__Data section__
[Start of section]

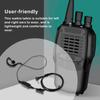 2.5mm Walkie Talkie Earphone Headphone Portable Ergonomic Lapel Clip Earpiece Replacement for HYT TC310/TC320/TC1688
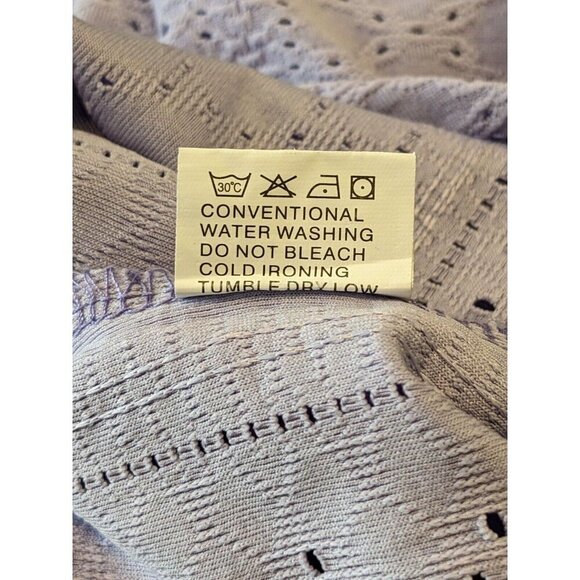 Lot of 2 Womens Tops Plus Size 2X Eyelet Flutter Sleeves Purple Pink Romantic - Picture 4 of 4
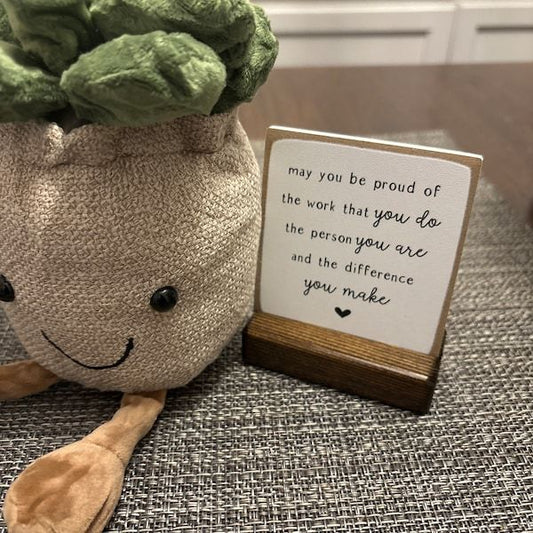 🎁Office Gift-Mini Sign Desk Decor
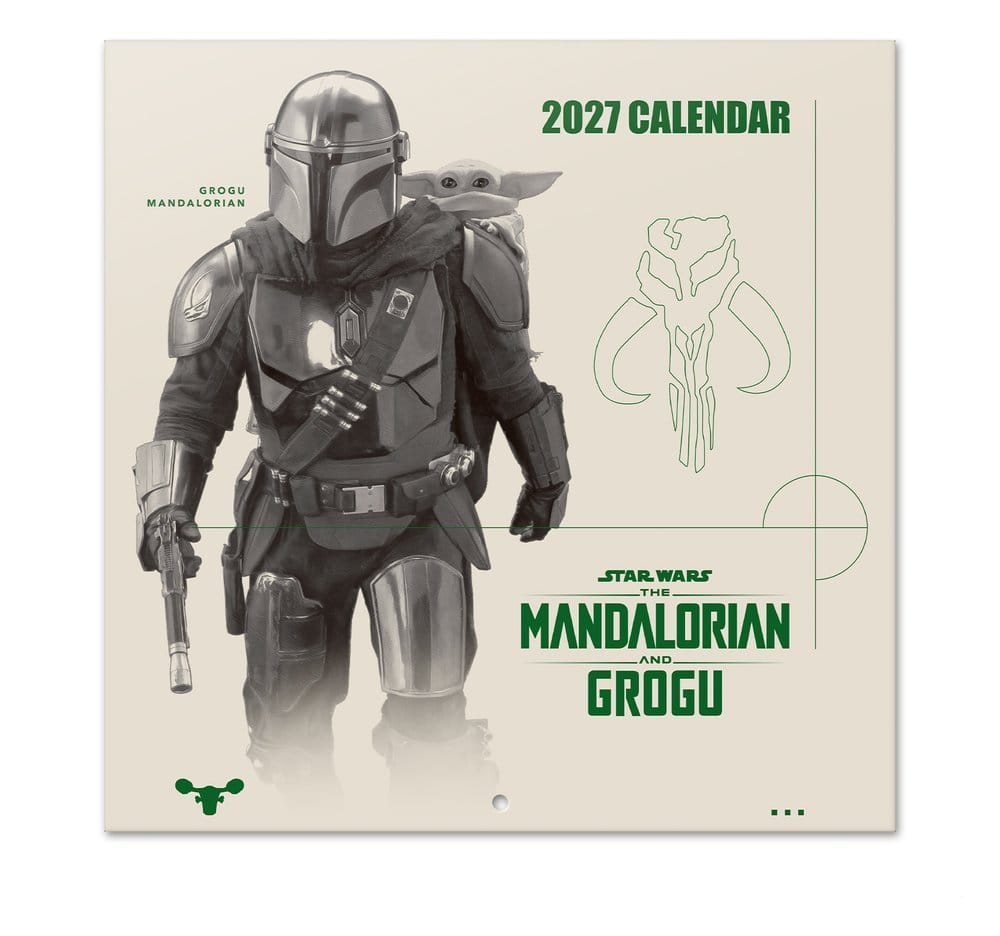 Grupo Erik Star Wars The Mandalorian and Grogu Wandkalender 2027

[End of section]

__Assignment__
What is needed is a word-for-word restatement of the lines from the one holding "Lot of 2 Womens" to the final line of the data above, inclusive, without any pictures.

__Response for this exercise__
 Lot of 2 Womens Tops Plus Size 2X Eyelet Flutter Sleeves Purple Pink Romantic - Picture 4 of 4
 🎁Office Gift-Mini Sign Desk Decor
 Grupo Erik Star Wars The Mandalorian and Grogu Wandkalender 2027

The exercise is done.